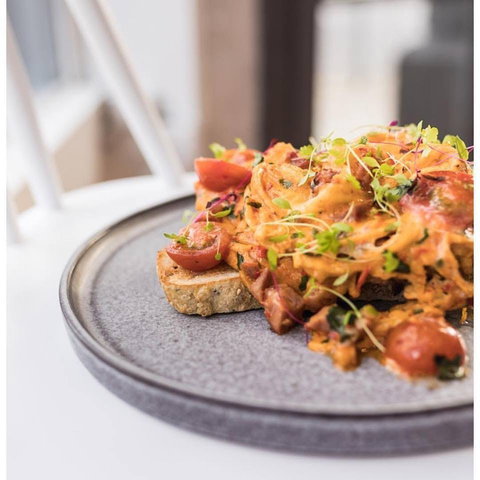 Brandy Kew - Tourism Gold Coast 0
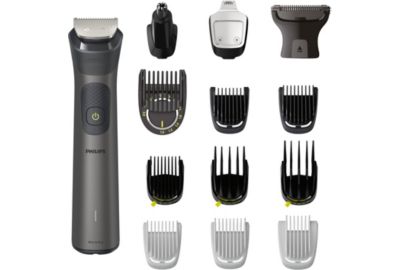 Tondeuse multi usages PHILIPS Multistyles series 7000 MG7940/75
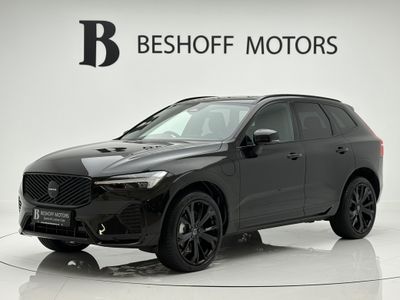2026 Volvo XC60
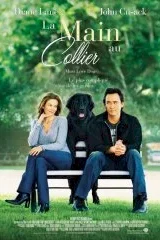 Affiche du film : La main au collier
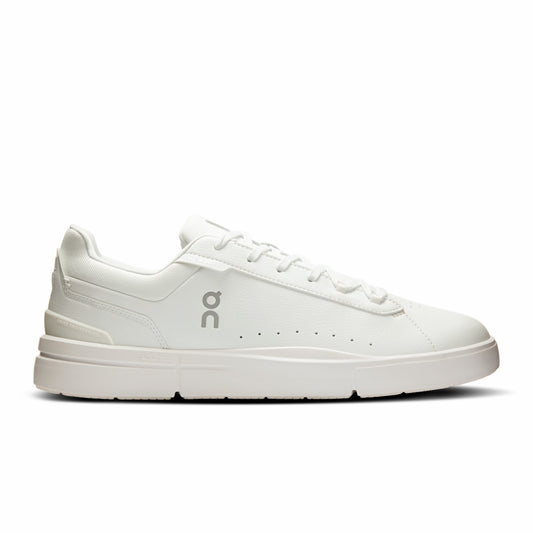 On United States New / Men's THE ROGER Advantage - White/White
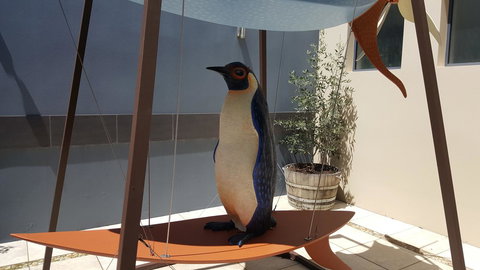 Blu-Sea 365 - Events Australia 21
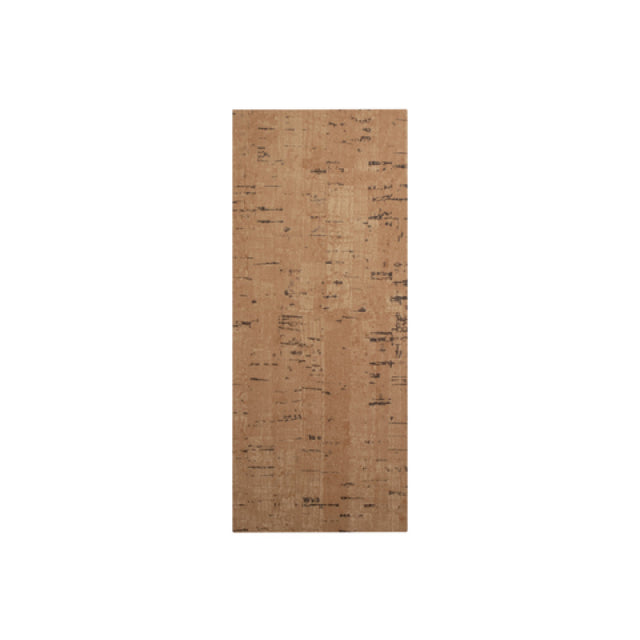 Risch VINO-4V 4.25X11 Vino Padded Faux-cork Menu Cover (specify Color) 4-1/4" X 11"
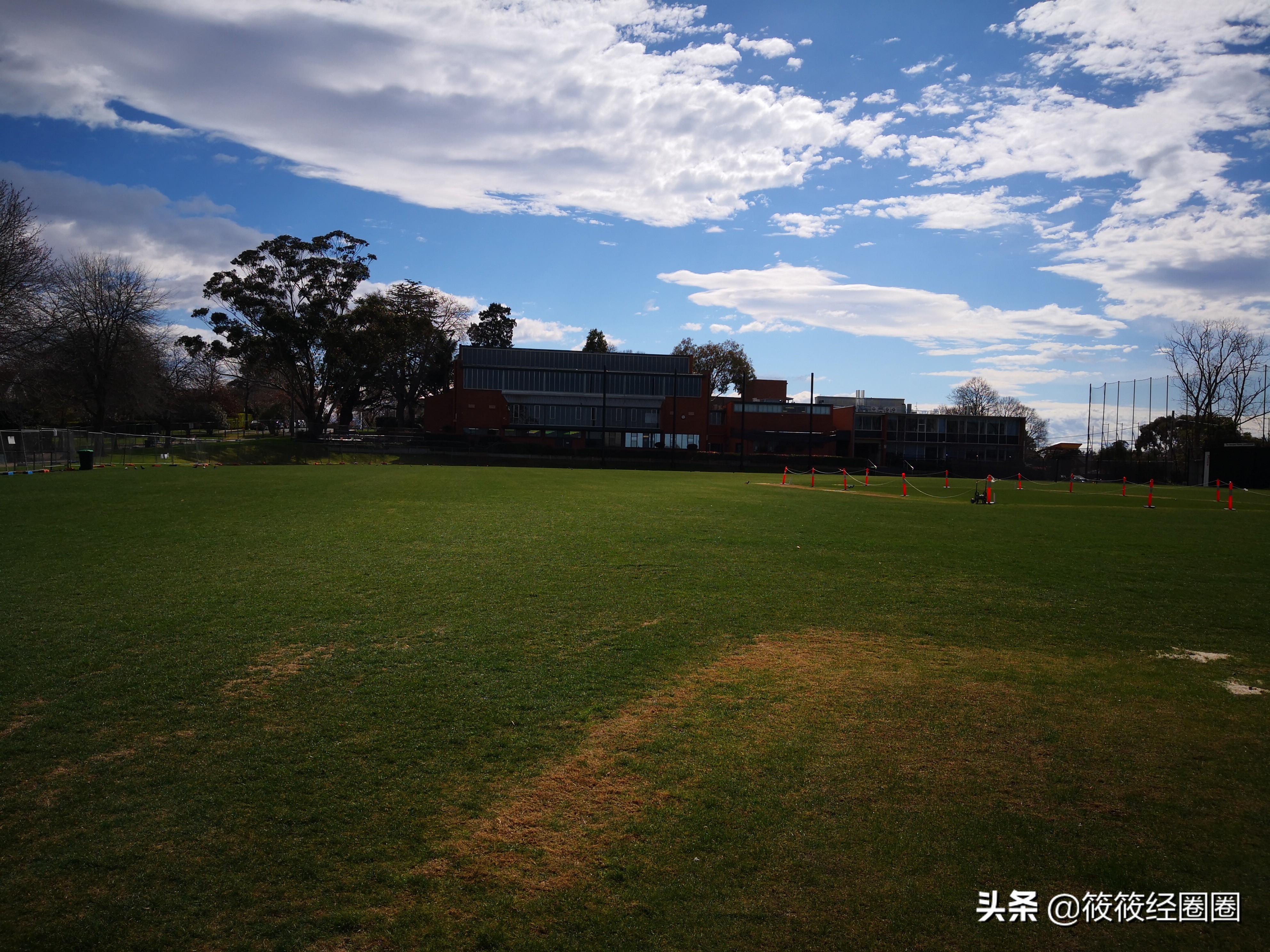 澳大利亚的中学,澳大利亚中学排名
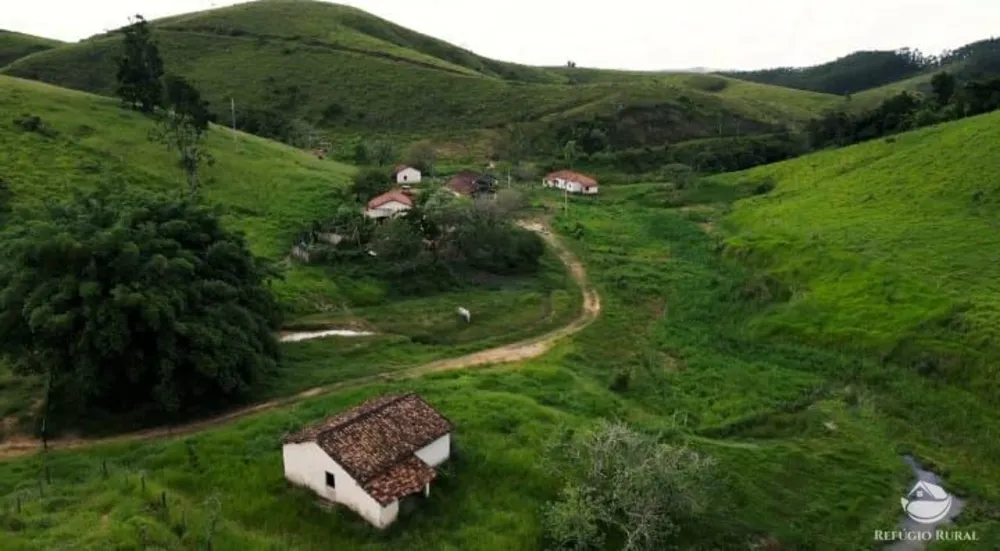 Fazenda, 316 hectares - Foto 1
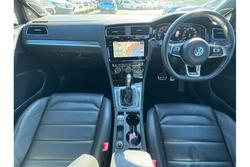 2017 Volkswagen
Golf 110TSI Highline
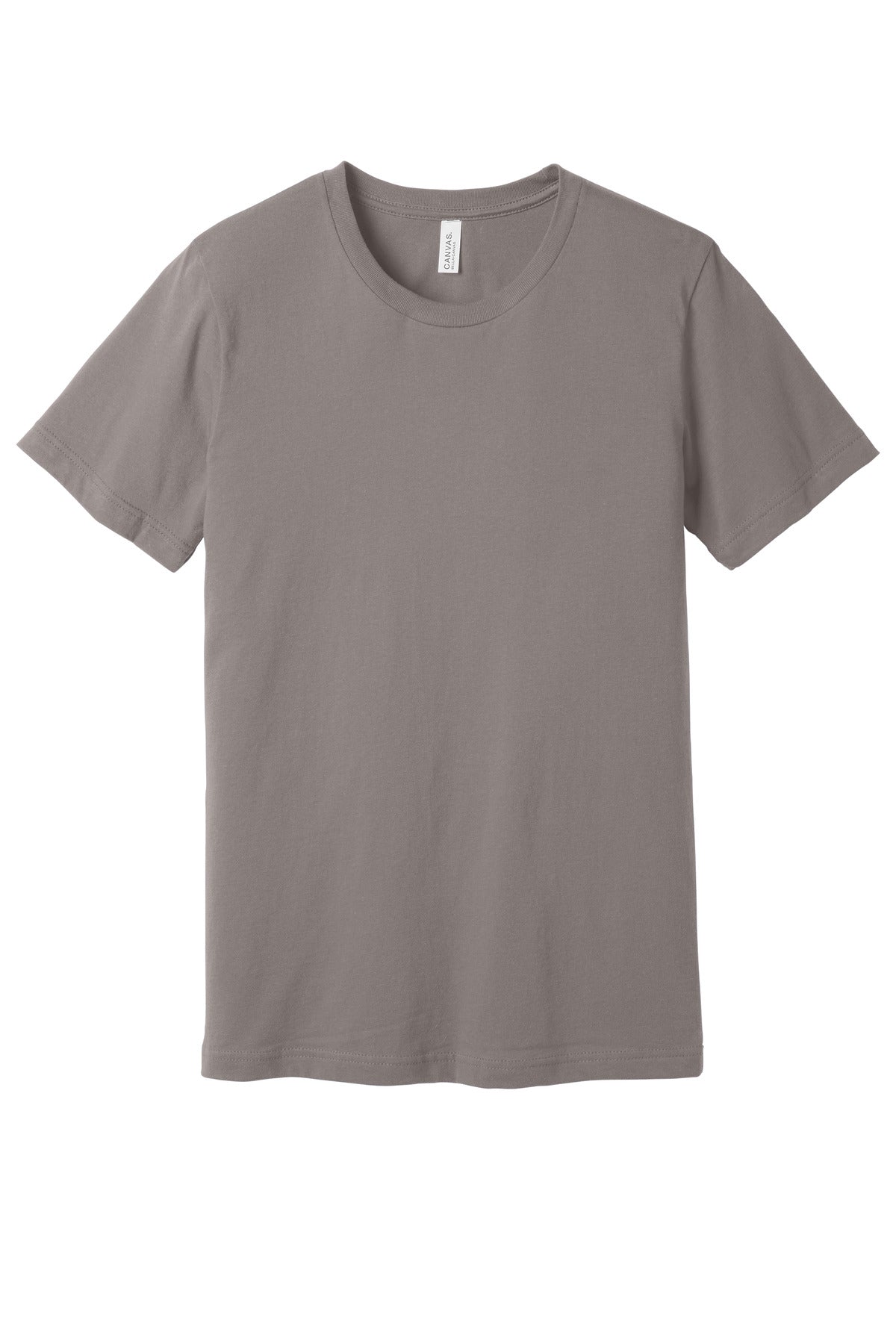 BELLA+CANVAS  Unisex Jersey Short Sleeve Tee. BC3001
==
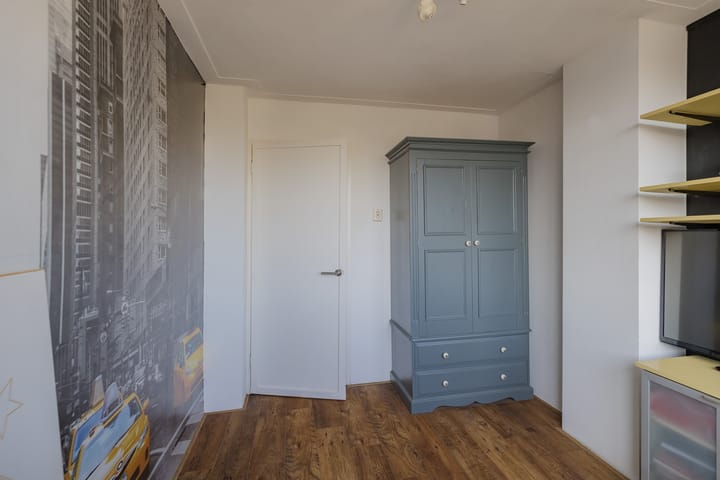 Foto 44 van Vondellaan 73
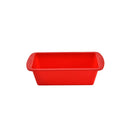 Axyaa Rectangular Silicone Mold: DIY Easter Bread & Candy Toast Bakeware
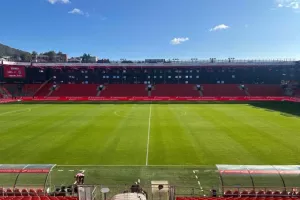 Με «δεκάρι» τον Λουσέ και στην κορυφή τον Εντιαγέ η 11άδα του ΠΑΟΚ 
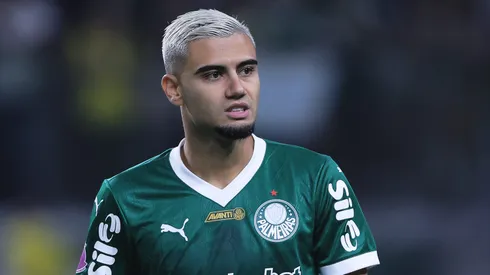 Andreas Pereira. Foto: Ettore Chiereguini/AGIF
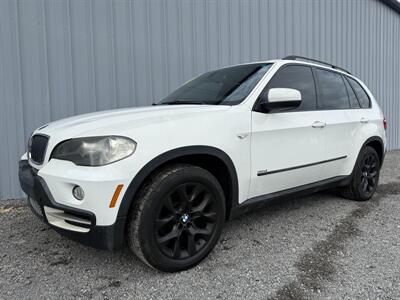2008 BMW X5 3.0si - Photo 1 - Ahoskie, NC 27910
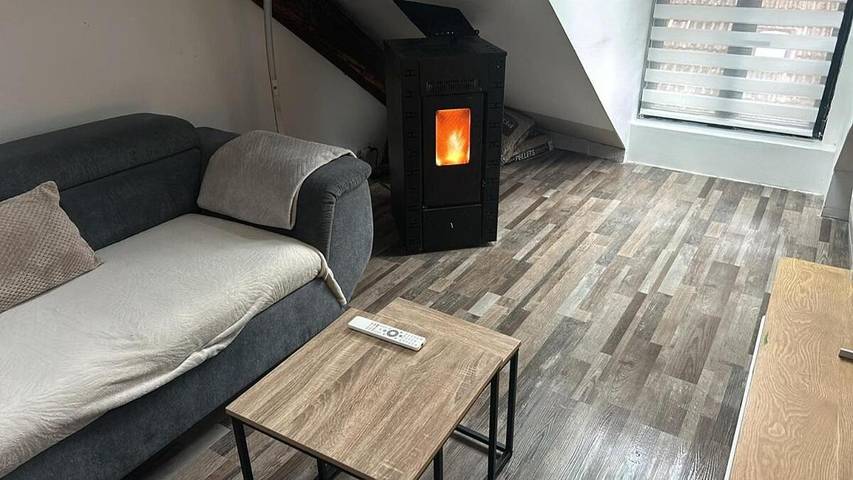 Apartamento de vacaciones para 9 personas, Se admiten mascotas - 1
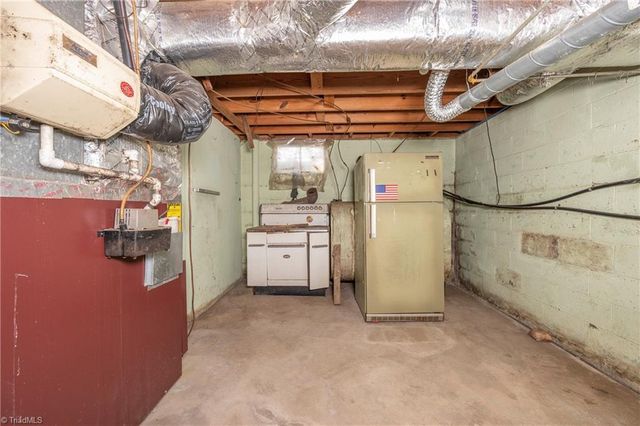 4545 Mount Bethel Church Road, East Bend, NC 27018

- **EXERCISE DIRECTIONS**
Among the records above, locate the line containing "Axyaa Rectangular Silicone" and the line containing "4545 Mount Bethel", then transcribe exactly the lines starting at the first and ending at the second, with no pictures.

- **WRITTEN SOLUTION**
 Axyaa Rectangular Silicone Mold: DIY Easter Bread & Candy Toast Bakeware
 Με «δεκάρι» τον Λουσέ και στην κορυφή τον Εντιαγέ η 11άδα του ΠΑΟΚ 
 Andreas Pereira. Foto: Ettore Chiereguini/AGIF
2008 BMW X5 3.0si - Photo 1 - Ahoskie, NC 27910
 Apartamento de vacaciones para 9 personas, Se admiten mascotas - 1
 4545 Mount Bethel Church Road, East Bend, NC 27018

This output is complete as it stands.